So, Weber has these 8 Principles…
- Make it interesting and make sure it happens
- Scratch an itch
- Minimize how many times you have to reinvent the wheel
- Solve problems through parallel work processes whenever possible
- Leverage the law of large numbers
- Document what you do
- Release early and often
- Talk a lot
And opensource.org has these 5 Pillars…
- Open exchange
- Participation
- Rapid Prototyping
- Meritocracy
- Community
Weber’s principles are functional.
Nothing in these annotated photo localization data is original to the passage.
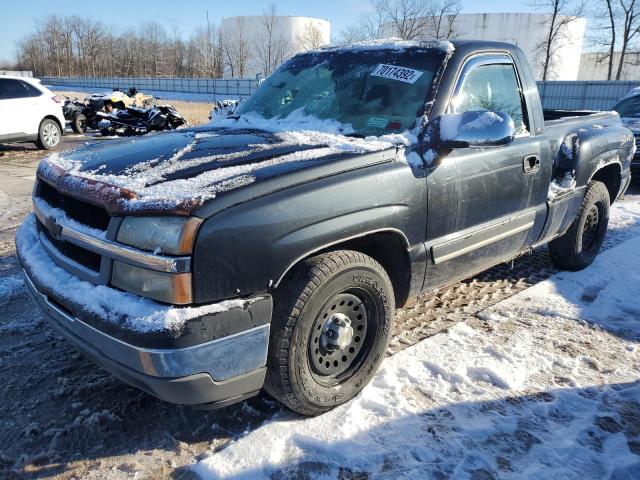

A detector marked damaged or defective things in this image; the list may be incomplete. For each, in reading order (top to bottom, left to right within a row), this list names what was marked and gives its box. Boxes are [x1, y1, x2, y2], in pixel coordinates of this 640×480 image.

wrecked car [18, 41, 636, 416]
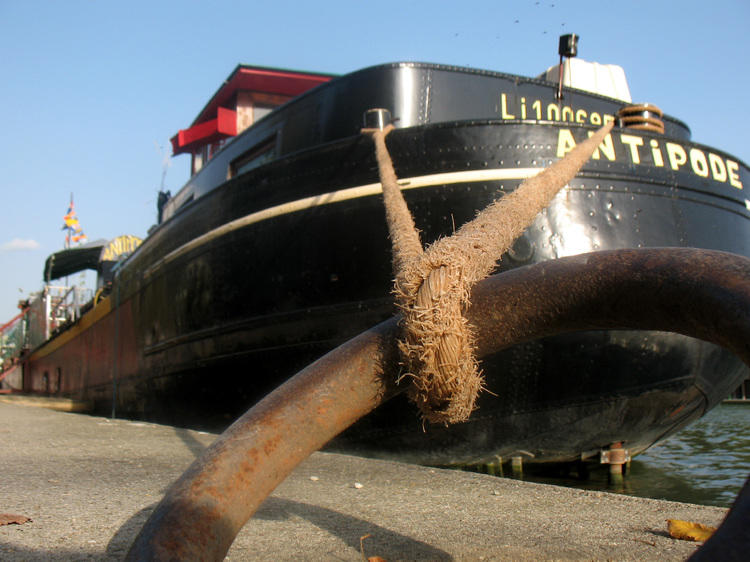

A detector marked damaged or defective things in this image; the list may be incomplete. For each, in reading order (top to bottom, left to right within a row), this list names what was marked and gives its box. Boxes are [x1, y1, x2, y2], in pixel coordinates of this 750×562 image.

rusty pipe [128, 247, 750, 556]
rusty metal hook [128, 247, 750, 556]
rusty anchor arm [128, 247, 750, 556]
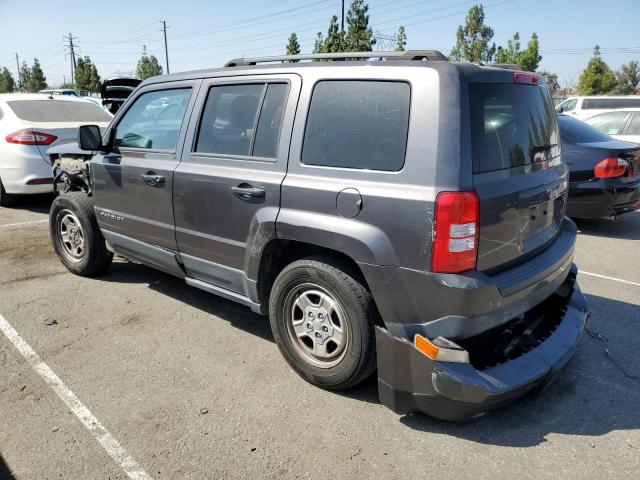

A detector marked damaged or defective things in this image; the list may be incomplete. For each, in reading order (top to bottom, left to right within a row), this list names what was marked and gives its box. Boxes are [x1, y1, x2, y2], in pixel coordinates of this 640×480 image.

front bumper damage [376, 268, 592, 422]
damaged rear bumper [376, 272, 592, 422]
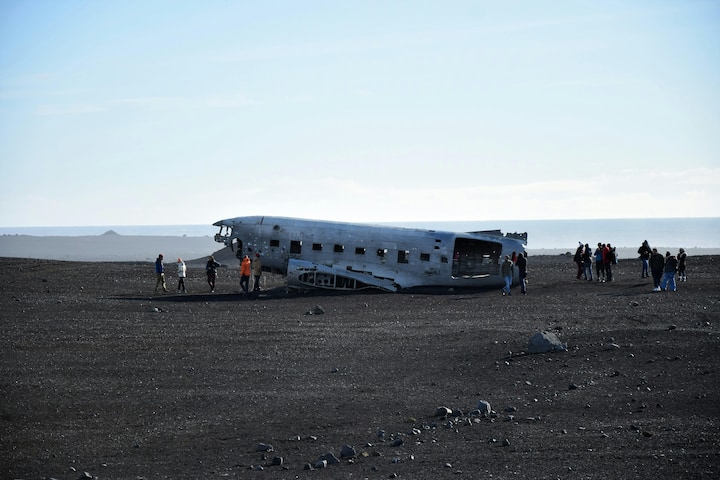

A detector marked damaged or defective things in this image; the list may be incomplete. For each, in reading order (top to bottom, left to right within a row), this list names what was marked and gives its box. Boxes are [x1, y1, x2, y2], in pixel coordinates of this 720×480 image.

crashed airplane [211, 217, 524, 292]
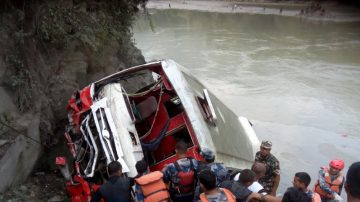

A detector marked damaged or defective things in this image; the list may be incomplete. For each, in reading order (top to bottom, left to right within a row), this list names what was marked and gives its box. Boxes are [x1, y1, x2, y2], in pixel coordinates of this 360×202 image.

overturned vehicle [57, 59, 260, 200]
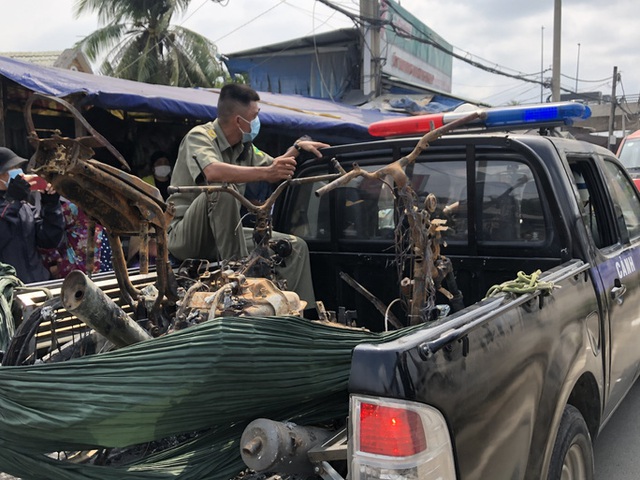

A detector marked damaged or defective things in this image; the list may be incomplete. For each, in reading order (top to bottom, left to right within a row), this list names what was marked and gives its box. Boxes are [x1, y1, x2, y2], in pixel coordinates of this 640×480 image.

rusted metal pipe [62, 268, 153, 346]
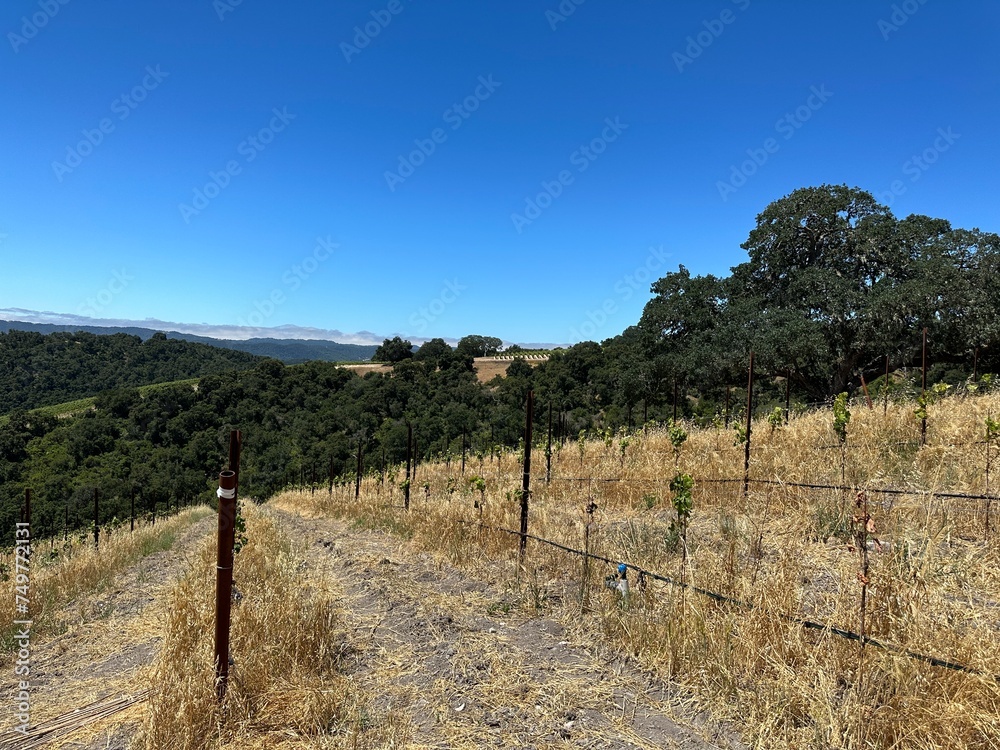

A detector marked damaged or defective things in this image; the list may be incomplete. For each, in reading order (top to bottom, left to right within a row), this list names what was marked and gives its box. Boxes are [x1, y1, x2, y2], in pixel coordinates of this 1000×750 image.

rusted stake [214, 470, 237, 704]
rusted stake [520, 390, 536, 560]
They deal with the “how” of FOSS. In contrast, the pillars are descriptive and explain the “what.” As such, the principles can be seen as demonstrations of the pillars.
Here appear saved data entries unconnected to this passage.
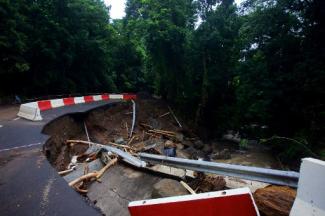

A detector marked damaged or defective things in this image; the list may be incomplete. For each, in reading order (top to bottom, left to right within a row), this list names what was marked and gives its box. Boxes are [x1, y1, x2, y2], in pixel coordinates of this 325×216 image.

damaged roadway [0, 100, 119, 216]
flood-damaged infrastructure [0, 93, 324, 215]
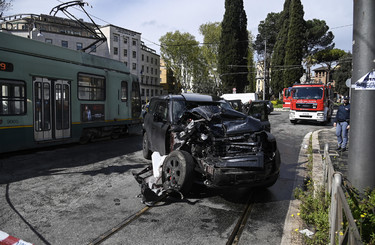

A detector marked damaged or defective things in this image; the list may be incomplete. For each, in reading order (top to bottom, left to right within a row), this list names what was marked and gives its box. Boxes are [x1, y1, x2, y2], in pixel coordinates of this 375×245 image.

damaged black suv [142, 93, 280, 192]
crumpled car hood [187, 105, 262, 135]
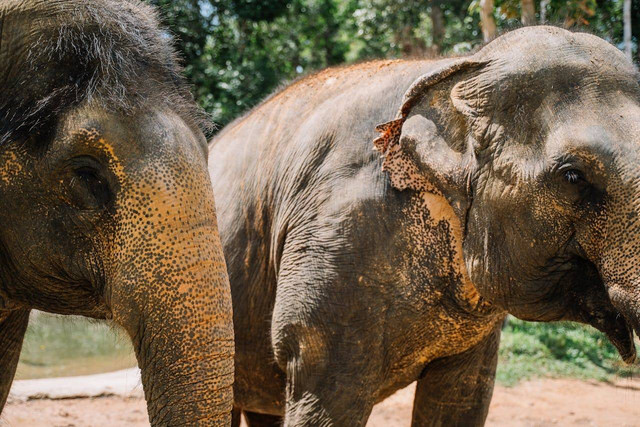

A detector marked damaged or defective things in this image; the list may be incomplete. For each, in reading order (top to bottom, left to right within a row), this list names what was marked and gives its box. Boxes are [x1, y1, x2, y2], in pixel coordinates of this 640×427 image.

- Principle 1 demonstrates pillars 1 and 5, as communities form around making cool stuff and talking about it.
- Principle 2 deals with pillars 2 and 5, as people come together naturally to solve problems that they encounter themselves.
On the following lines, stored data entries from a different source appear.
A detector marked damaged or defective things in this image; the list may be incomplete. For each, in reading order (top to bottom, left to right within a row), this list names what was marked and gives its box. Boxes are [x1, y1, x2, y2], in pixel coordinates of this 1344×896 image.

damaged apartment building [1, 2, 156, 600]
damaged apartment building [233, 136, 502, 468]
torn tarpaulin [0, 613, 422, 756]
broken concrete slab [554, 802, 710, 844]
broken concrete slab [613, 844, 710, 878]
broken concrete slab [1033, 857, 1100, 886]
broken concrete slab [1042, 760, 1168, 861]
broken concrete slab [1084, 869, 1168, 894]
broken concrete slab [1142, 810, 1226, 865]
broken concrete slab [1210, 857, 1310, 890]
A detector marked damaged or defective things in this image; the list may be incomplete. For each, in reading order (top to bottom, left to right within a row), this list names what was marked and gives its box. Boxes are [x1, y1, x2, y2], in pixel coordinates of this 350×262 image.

- Principle 3 is best viewed through the lens of pillar 5, as one should rely on the community’s efforts to avoid doing that which has been done already.
- Principle 4 is pillar 3 in motion, but draws on the advantage of pillar 2. With enough prototypes and branches, progress is made in an evolutionary way.
- Principle 5 to me is purely an expression of pillar 2. The law of large numbers is basically used here to show that when a lot of people work on a project, more bugs are found and more progress is made. Pretty simple.
- Principle 6 may be hard to relate to the pillars for some, but I’ve found it to be closely related to pillar 5. Documentation is like the constitution of an open-source project. The understanding granted by it is a unifying factor in its community.
- Principle 7 is the pure form of pillar 3 and is a strange phenomenon, akin to a carefully moderated, intelligently designed evolutionary process. Basically, it’s iterative development. Fail a lot, then profit.
- Principle 8 is the fuel for the community (pillar 5). Communication is the lifeblood of a community (hence the same root). If developers didn’t talk, nobody would be able to get a feel for what is going on or what needs to be done.
Steven Weber drew heavily upon the analysis of Eric Raymond, specifically his essay “The Cathedral and the Bazaar” which is closely related to Fred Brooks’s “Conceptual Integrity.”